One of the best ways to maintain documentation is to have an engagement letter or contract – something that memorializes your agreement. When dealing with a vendor or supplier, an engagement letter can make clear the services you will be provided, the pricing for these services, when and how they will be provided and the basis on which they will be invoiced. If a supplier fails to provide services as agreed, then you have recourse to refuse payment or seek the return of money. Or worse yet, you might have paid for services that you never received.
For a client or a customer, an engagement letter or contract will make clear and legally binding issues concerning pricing, billing and payment terms, scope of services provided, and many other details of a transaction. The failure of a customer to pay or to seek a refund can be remedied by having a contract in place.
An engagement letter or contract can also be helpful in working with your legal team. Confidentiality and non-disclosure clauses as well as other restrictions should generally be in writing so that all parties are on the same page about what is expected. If a legal engagement is terminated , then having a legally binding document will be helpful to document the time period of the relationship, the fees that were paid or that were due, the work that was performed, and what remains to be done. Sometimes attorneys and clients will have a different understanding of prior engagements and payments. Some clients fund a retainer and others pay as you go. If there is a disagreement about what is owed or not owed, a written agreement can help identify any shortfalls and help collect payment.
Contractual relationships must be monitored for compliance. For example, are the contracts being managed? Are the parties producing what they said they would? Are the performance dates met? Are the payment terms met? Failure to meet the performance dates or to make payment can require warnings and then the imposition of remedies, such as terminating the contract. Developing a checklist to monitor performance can be a useful tool for evaluating contracts.
Contract Management and the Role of Technology
As technology advances at breakneck speed, contract management is transforming into an increasingly data-driven enterprise function. New tools for each stage of the contract lifecycle are emerging almost daily. This section explores the key innovations driving contract management toward a smarter — and less error-prone — approach.

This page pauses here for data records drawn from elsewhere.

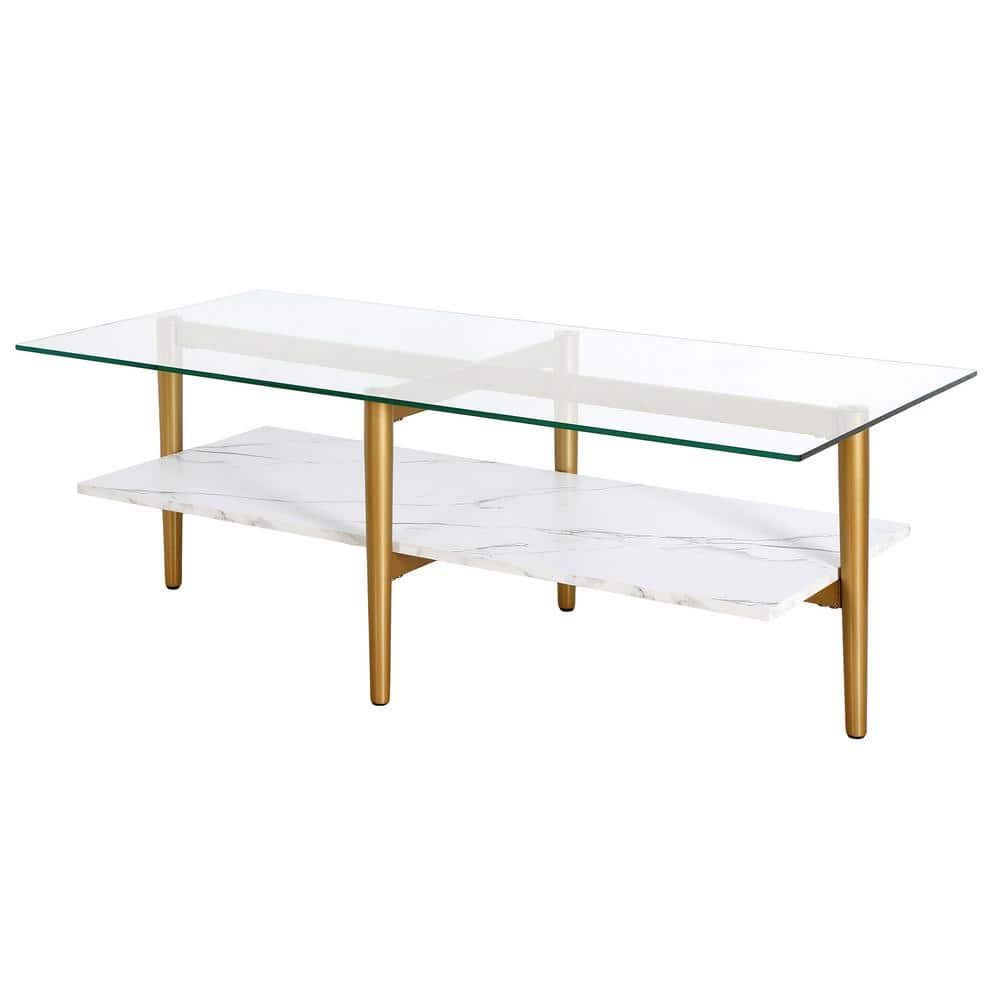 Otto 47" Brass Rectangular Coffee Table with Faux Marble Shelf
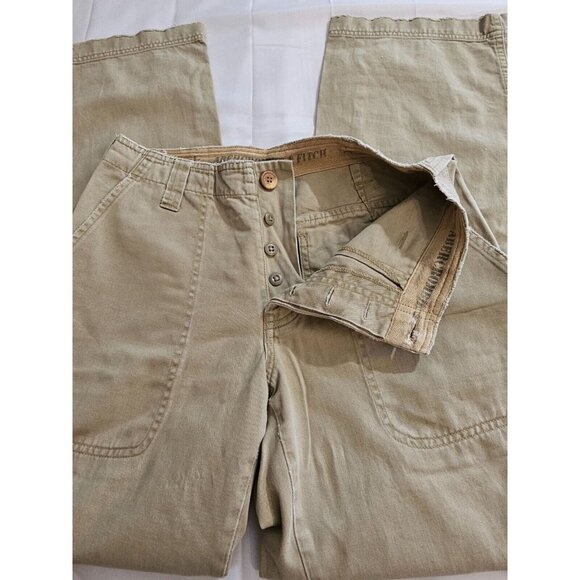 VTG Y2K Abercombie A&F wide leg khaki pants womens sz 4 Button Fly - Picture 6 of 9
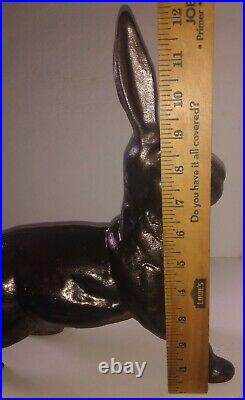 Antique Vintage 9+lbs Cast Iron Standing Rabbit Doorstop Great Condition For Age
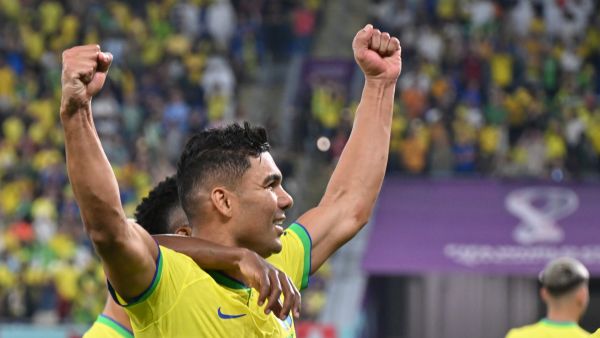 Brazil's midfielder #05 Casemiro celebrates after he scored his team's first goal during the Qatar 2022 World Cup Group G football match between Brazil and Switzerland at Stadium 974 in Doha on November 28, 2022. (Photo by NELSON ALMEIDA / AFP)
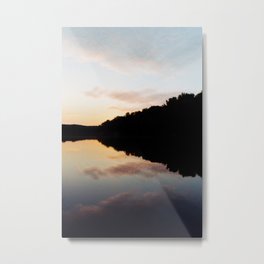 Mirrored landscape Metal Print | Lake, Silhouette, Reflection, Treeline, Calm, Clouds, Trees, Color, Photo, Serene 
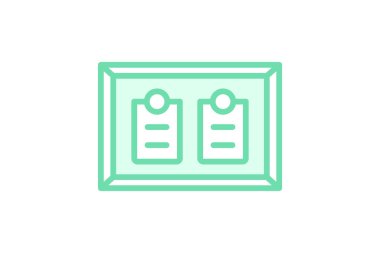 Mantar pano duotone çizgi simgesi, vektör, piksel mükemmel, illüstratör dosyası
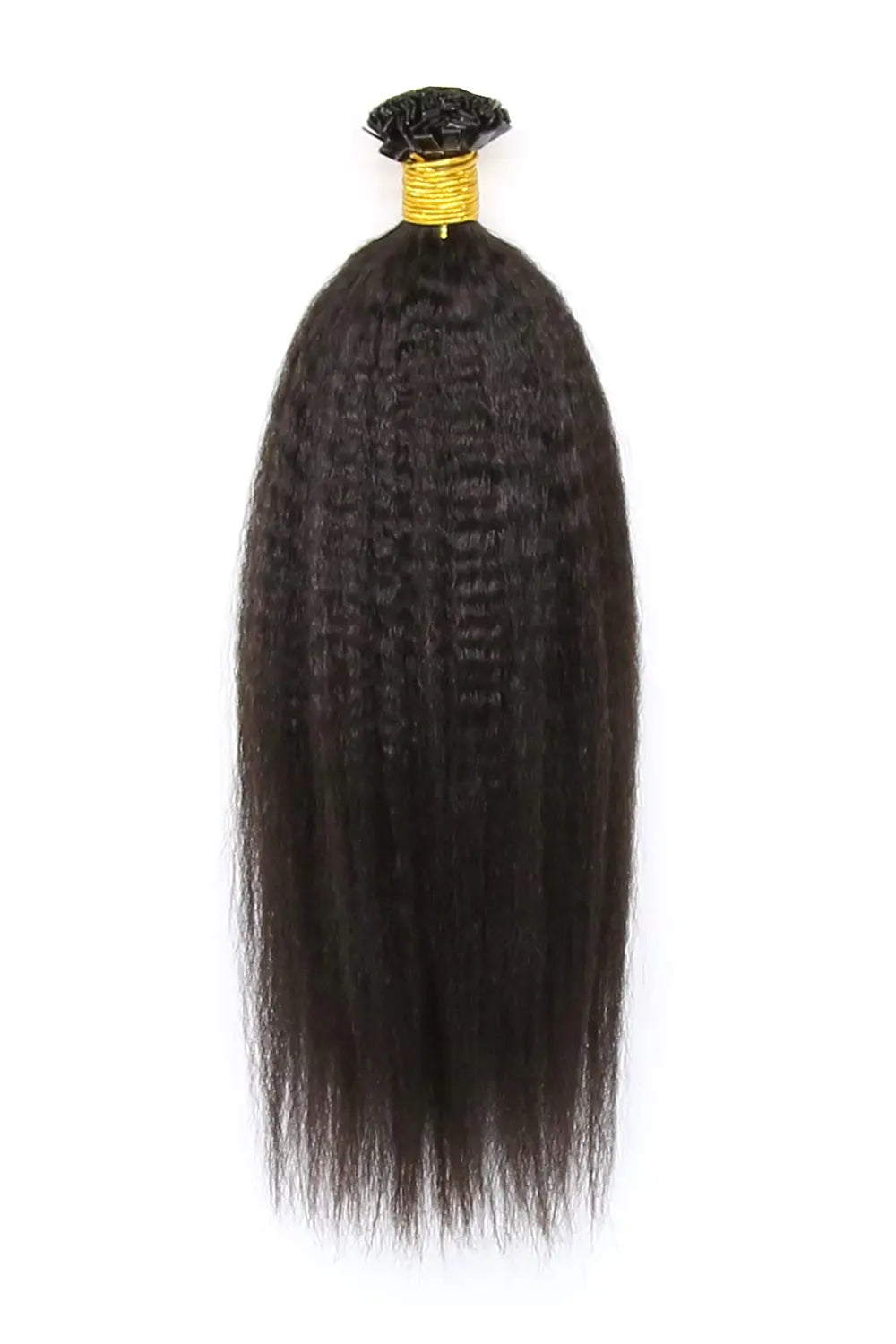 Keratin Bonded Hair Extensions K Tip Black Kinky Straight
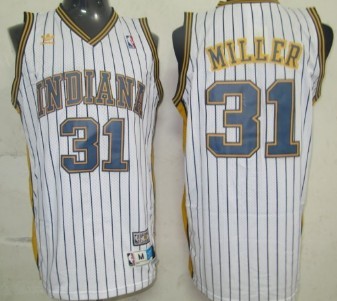Indiana Pacers #31 Reggie Miller White Pinstripe Swingman Throwback Jersey - Zenithce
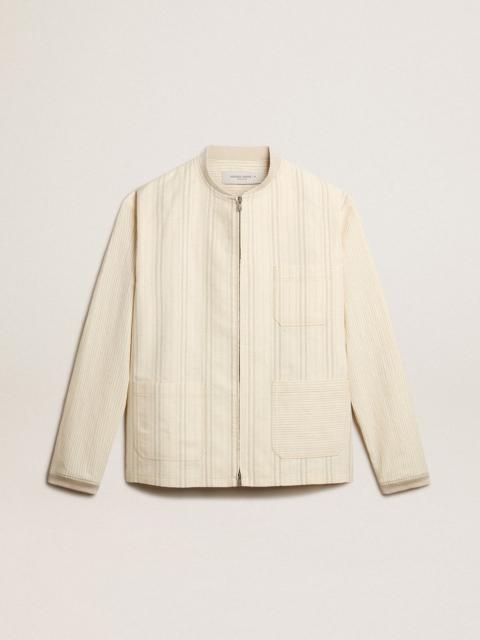 Ecru-colored cotton jacket with zip fastening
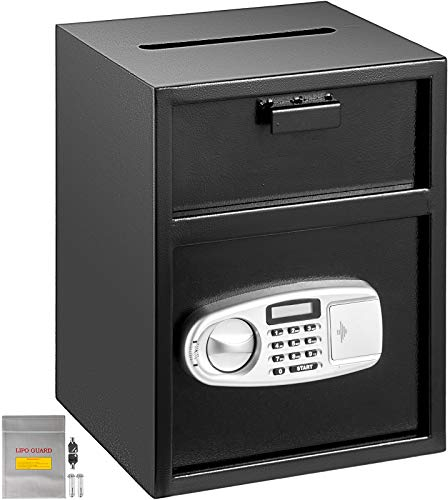 VEVOR Safe mit Einwurfschlitz Diebstahlsicherung, elektronischer Sicherheitstresor aus Kohlenstoffstahl, feuerfest, 2 Schlüssel, 2 Code-Sets, digitaler Safe LCD Dokument Waffe
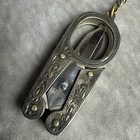 Sterling Silver Etched Japanese Folding Sewing Scissors W Leather Case 2    Vtg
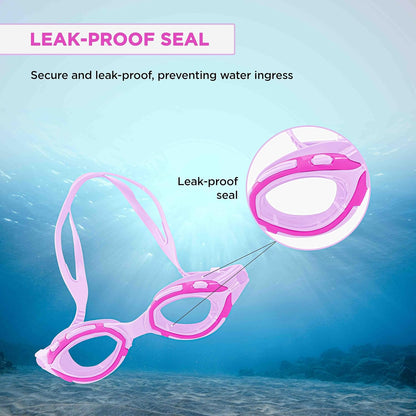 Endless EL1001 Swimming Goggle with Anti-Fog and UV Protection | Attached Ear Buds and Adjustable Strap | Soft Silicone Gasket for Leak Proof | With Hard Case | Size: Free Size | Material : Silicon, Rubber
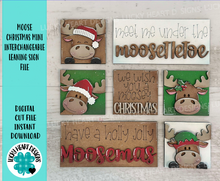 Load image into Gallery viewer, Moose Christmas MINI Interchangeable Leaning Sign File SVG, Rudolph, Santa, Elf, Tiered Tray Glowforge, LuckyHeartDesignsCo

Contract Lifecycle and Centralized Storage
One of technology’s most telling impacts on contract management is the lifecycle and centralization of documents. Artificial Intelligence (AI) and blockchain play a particularly large role in enhancing security, adding transparency and increasing the speed with which new data can be transferred between contracting parties. While some companies continue to rely on traditional contract lifecycle management (CLM) systems, they are more often met with difficulty integrating those CLM tools with a myriad of other systems. By contrast, modern solutions have an outsized capacity for integration. Solutions leveraging one or more of the aforementioned technologies can quickly adapt to existing third-party software stacks commonly deployed within your organization.
Artificial Intelligence
AI is already imbuing contract management tools with new levels of efficiency and accessibility. Marketers, for example, may use it to parse data across customer contracts and extract insights related to service, intent and demand, enabling more granular customer segmentation. Client relations can be enriched with AI that digs deep into contract data and structuring out details needed for regulatory compliance. Executives can rely on AI to continuously mine contract data — whether buried within enormous legacy documents or newly created and expanded with each revision — to surface insights about contract renewals, or before a contract expires, for new upsell opportunities. Many new contract management tools harness these capabilities through a well-designed API — often, only requiring the addition of a new application to the existing software mix.
Blockchain
On the other hand, blockchain is arguably the technology with the largest potential to upend the status quo of contract management. Without a central administrator overseeing transactions, contracts managed on a blockchain carry an intrinsic degree of trust. With this level of transparency and flexibility, the cost of managing contracts — especially across multiple jurisdictions — will undoubtedly drop, while speed will increase. Trigger-based smart contracts that automatically execute certain actions upon specified conditions are a natural fit for blockchain, making it ideal for automating procurement, supply chain, service delivery and other processes. Within each of these areas, blockchain-based contract management software can track, manage and verify all transactional elements, enabling a much higher degree of precision in billing and reconciliation, and ensuring appropriate delivery, all while avoiding the need for numerous intermediaries.
Accurate, Efficient and Adaptable Contract Management
As these technologies continue to develop — and as they combine to modernize old processes — the challenge of contract management evolves once again. Where early adopters took careful consideration regarding the eventual integration into an existing IT stack, or their capital investment in a new CLM software, the next consideration for those using outdated systems is their own survival. As centralization, blockchain and AI transform the way contracts are managed, companies using disparate systems and unrefined processes will be increasingly vulnerable to contract and data breaches — or worse, legal disputes and penalties.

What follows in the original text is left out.